Benchmarks suggest that the architecture makes a measurable difference.
In its assessment of AUI, Apollo 1 achieved 90 percent τ-Bench-Airline compared to the task accomplished on the benchmark 60 percent For Cloud-4.
it’s up 83 percent Live Booking Chat vs. Google Flights 22 percent for Gemini 2.5-flash, and 91 percent Retail scenarios on Amazon Vs. 17 percent For Rufus.
“These are not incremental improvements,” Cohen said. “Those are orders of magnitude reliability differences.”
a complement, not a competitor
AUI is presenting Apollo-1 not as a replacement for larger language models, but as their essential counterpart. In Alhello’s words: “Transformers optimize for creative possibility. Apollo-1 optimizes for behavioral certainty. Together, they create the full spectrum of conversational AI.”
The model is already running in limited pilots with undisclosed Fortune 500 companies in sectors including finance, travel and retail.
AUI has also confirmed this Strategic partnership with Google and plans for General availability in November 2025That’s when it will open up the API, release full documentation, and add voice and image capabilities. Interested potential customers and partners can sign up to receive more information Becomes available on AUI website form.

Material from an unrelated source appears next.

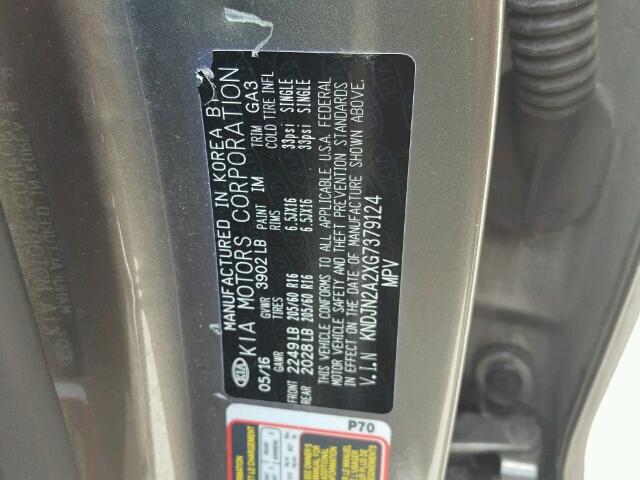 KNDJN2A2XG7379124 - 2016 KIA SOUL GRAY photo 10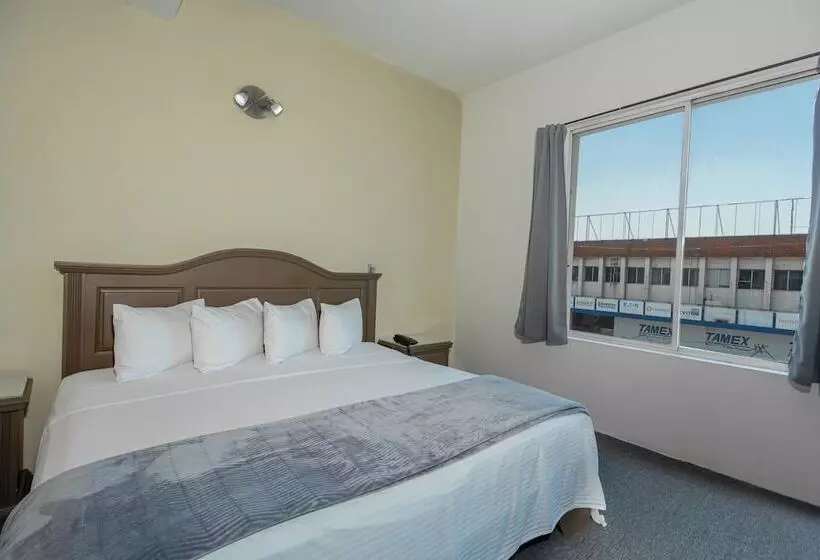 Fotos del hotel Plaza Del Arco  Monterrey:  22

Till then, the company will keep the details under wraps. When asked what would happen next, Elhello smiled. “Let’s say we are preparing a declaration,” he said. “Soon.”
That Act Towards Conversation
For all its technological sophistication, Apollo-1’s pitch is simple: Create AI that businesses can trust to do work — not just talk. “We’re on a mission to democratize access to AI that works,” Cohen said at the end of the interview.
Whether Apollo-1 becomes the new standard for action-oriented communication remains to be seen. But if AUI’s architecture performs as promised, the long-standing rift between chatbots that sound human and agents that perform reliably human tasks may finally begin to close.